PROBLEM REQUIREMENTS:
Copy each line of the data that has "Park" in it.

SUPPLIED DATA:

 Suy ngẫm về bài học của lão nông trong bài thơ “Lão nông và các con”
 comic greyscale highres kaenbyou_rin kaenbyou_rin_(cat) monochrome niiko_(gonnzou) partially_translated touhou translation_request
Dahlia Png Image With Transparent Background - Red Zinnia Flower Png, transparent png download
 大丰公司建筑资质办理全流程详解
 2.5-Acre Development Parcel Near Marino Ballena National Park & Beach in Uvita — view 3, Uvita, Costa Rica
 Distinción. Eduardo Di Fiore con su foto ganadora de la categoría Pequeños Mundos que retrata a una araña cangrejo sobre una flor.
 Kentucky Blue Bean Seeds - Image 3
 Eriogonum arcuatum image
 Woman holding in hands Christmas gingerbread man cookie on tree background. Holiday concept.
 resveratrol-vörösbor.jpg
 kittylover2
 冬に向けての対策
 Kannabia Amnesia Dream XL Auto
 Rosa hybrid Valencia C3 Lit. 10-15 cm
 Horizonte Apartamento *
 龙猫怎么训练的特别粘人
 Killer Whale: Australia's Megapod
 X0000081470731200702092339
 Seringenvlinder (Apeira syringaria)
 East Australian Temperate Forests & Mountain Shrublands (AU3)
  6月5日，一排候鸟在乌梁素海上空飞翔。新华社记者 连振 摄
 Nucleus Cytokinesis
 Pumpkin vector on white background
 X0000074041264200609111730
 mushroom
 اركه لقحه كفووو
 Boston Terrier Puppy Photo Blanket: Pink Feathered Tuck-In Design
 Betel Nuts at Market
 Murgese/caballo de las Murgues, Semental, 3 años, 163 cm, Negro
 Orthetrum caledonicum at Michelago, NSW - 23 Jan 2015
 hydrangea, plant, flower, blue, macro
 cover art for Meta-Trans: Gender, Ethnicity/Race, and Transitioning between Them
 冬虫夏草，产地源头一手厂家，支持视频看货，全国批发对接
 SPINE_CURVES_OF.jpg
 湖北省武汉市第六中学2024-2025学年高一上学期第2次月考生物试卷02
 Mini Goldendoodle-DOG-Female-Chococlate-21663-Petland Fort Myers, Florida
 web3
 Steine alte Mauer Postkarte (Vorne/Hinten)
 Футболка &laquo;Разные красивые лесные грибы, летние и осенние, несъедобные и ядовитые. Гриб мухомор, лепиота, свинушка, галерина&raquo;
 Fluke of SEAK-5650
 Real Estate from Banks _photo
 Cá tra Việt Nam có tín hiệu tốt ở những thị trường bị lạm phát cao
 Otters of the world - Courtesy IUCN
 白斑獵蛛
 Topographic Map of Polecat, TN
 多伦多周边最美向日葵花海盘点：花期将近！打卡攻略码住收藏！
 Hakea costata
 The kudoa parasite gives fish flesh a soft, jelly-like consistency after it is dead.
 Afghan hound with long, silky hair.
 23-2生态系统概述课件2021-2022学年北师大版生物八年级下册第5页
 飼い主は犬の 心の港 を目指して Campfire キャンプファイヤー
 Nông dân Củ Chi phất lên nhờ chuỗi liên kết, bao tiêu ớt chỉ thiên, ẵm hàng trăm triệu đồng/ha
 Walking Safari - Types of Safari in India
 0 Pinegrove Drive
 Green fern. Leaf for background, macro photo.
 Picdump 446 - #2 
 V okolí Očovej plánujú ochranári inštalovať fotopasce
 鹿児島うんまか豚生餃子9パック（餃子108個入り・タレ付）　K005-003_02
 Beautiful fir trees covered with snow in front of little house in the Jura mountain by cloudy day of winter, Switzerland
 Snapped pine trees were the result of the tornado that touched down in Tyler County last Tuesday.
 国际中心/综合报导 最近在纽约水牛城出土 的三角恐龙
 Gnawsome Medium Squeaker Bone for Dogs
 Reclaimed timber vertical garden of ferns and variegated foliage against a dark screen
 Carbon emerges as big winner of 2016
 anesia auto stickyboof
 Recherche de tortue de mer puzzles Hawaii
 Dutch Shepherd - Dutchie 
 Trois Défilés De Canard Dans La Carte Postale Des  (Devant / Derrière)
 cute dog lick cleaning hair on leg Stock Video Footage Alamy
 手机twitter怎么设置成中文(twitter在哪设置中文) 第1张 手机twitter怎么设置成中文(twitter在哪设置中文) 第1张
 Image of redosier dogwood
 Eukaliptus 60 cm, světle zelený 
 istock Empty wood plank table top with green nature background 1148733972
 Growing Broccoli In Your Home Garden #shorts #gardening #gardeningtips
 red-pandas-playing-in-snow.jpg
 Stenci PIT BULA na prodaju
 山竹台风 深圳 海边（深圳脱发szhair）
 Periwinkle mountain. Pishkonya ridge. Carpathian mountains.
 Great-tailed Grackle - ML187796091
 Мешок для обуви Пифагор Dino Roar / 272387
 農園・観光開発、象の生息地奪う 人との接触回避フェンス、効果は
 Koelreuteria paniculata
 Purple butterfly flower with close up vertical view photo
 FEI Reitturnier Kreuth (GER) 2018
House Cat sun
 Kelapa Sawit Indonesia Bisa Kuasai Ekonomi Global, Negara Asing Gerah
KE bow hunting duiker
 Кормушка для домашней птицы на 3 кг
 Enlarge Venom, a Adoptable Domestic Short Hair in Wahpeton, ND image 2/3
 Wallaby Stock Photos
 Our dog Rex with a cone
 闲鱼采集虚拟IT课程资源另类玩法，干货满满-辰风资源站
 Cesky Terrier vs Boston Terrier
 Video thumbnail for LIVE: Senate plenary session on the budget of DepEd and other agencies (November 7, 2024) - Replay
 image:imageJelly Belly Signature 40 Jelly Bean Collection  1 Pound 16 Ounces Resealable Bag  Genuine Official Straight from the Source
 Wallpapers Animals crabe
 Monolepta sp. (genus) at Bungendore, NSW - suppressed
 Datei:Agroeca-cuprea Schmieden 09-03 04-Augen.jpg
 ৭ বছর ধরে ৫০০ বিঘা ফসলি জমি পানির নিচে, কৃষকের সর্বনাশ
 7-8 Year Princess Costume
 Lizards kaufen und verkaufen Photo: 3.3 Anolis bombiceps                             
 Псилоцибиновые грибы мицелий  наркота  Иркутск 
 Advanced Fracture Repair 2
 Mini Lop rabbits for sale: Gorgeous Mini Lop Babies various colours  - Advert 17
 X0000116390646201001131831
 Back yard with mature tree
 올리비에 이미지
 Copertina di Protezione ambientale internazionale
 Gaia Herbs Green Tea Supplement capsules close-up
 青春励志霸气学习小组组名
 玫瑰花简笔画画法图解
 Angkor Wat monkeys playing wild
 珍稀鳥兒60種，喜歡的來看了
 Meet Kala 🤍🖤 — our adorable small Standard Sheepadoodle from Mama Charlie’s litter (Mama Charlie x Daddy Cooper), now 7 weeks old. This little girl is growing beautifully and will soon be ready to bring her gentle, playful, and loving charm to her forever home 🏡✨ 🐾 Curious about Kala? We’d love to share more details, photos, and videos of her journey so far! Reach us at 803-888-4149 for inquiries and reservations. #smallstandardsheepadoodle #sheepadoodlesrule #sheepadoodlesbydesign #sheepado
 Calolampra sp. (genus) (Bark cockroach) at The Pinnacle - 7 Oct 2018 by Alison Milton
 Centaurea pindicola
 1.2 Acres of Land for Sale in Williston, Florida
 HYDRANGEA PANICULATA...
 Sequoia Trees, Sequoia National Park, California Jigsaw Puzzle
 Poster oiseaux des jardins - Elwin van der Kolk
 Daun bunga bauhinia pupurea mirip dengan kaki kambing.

REPLY TO THE TASK:
 2.5-Acre Development Parcel Near Marino Ballena National Park & Beach in Uvita — view 3, Uvita, Costa Rica
 Sequoia Trees, Sequoia National Park, California Jigsaw Puzzle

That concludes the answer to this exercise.